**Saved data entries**
────────
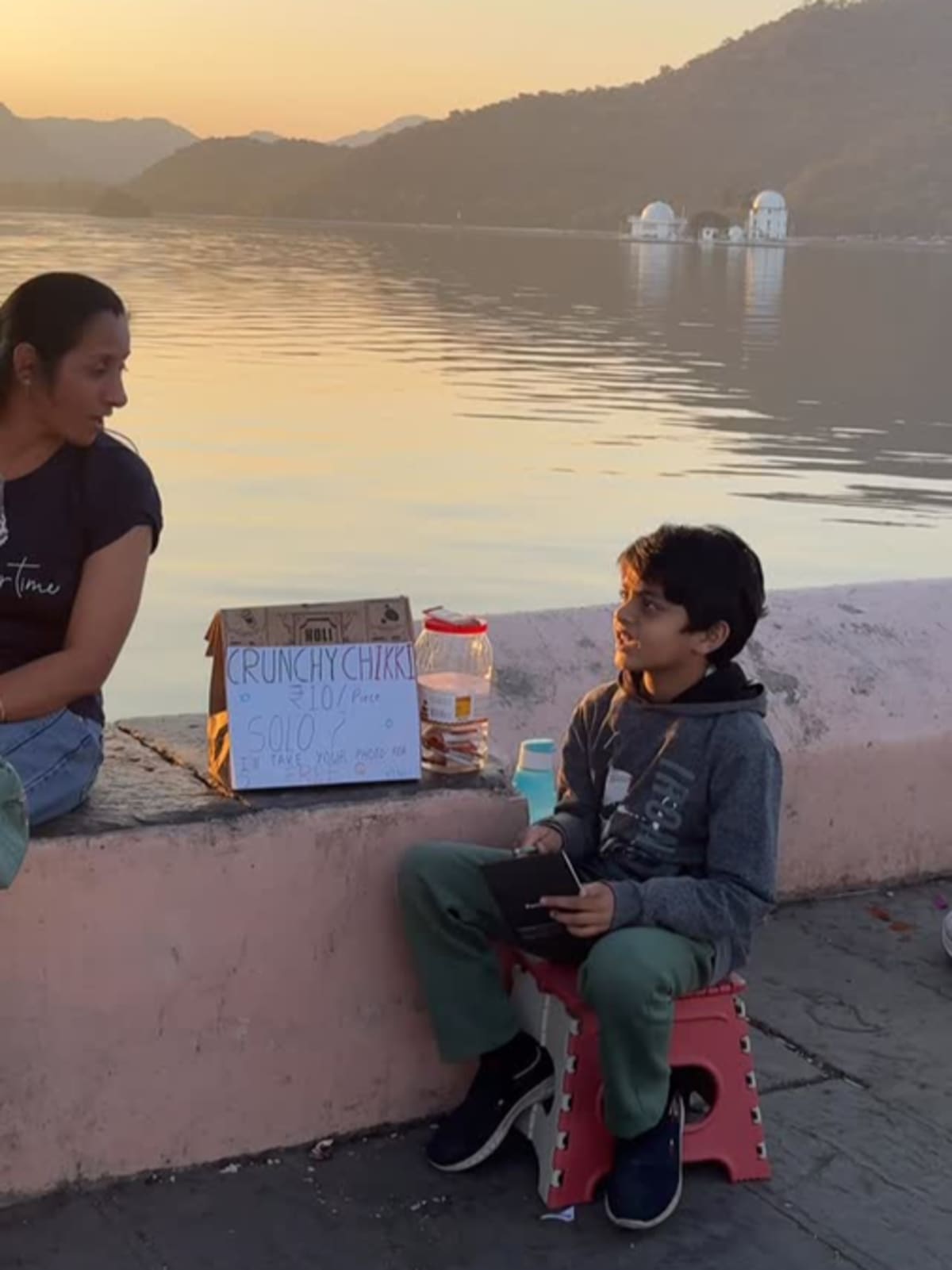 Indian child counting money at small roadside food stall learning business skills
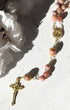A delicate pink rose quartz rosary with gold-toned metal accents and a detailed crucifix.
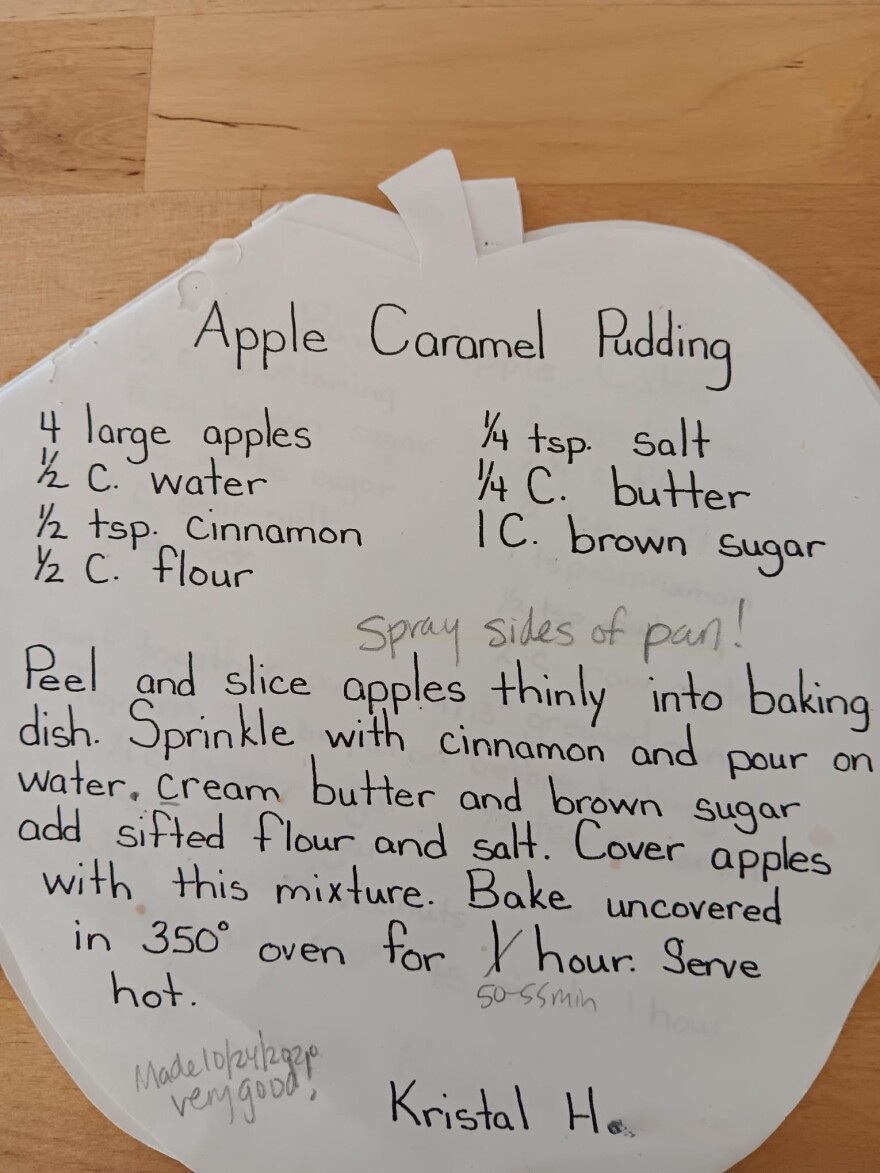 A recipe for apple caramel pudding handwritten on an apple-shaped piece of paper.
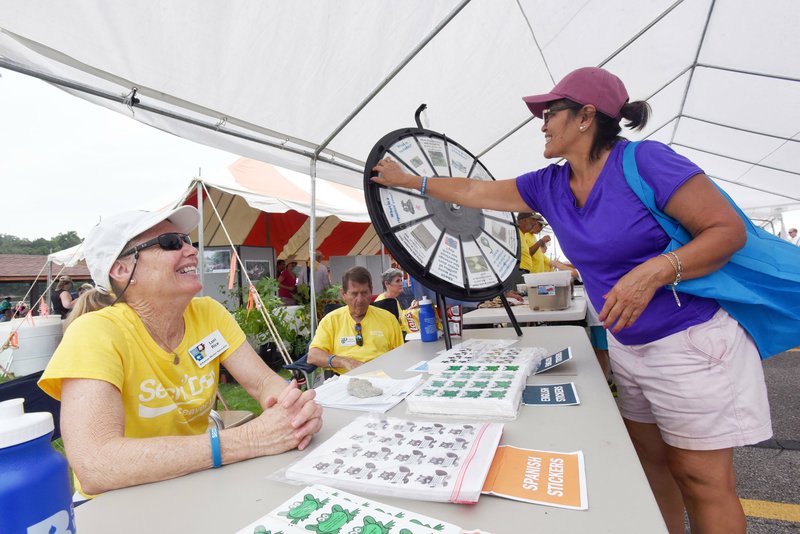 Lori Rice (left), a Northwest Arkansas Master Naturalist, watches Martha Rodriguez of Springdale spin a wheel on Saturday Aug. 17 2019 to win a prize at the 14th annual Secchi Day Science Fair at Beaver Lake.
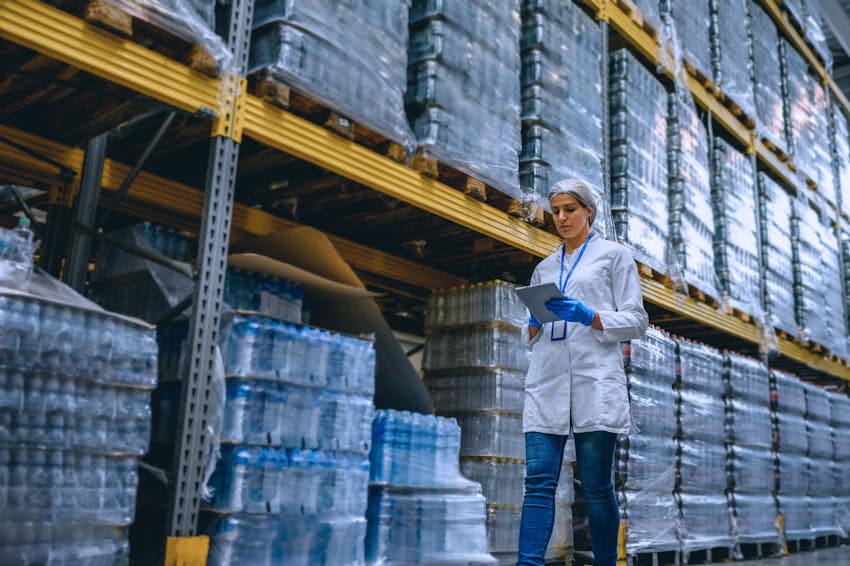 Woman noting inventory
────────
**Work request**
The answer should match the data above word for word, with no pictures in it.

**Solution below**
 Indian child counting money at small roadside food stall learning business skills
A delicate pink rose quartz rosary with gold-toned metal accents and a detailed crucifix.
 A recipe for apple caramel pudding handwritten on an apple-shaped piece of paper.
 Lori Rice (left), a Northwest Arkansas Master Naturalist, watches Martha Rodriguez of Springdale spin a wheel on Saturday Aug. 17 2019 to win a prize at the 14th annual Secchi Day Science Fair at Beaver Lake.
 Woman noting inventory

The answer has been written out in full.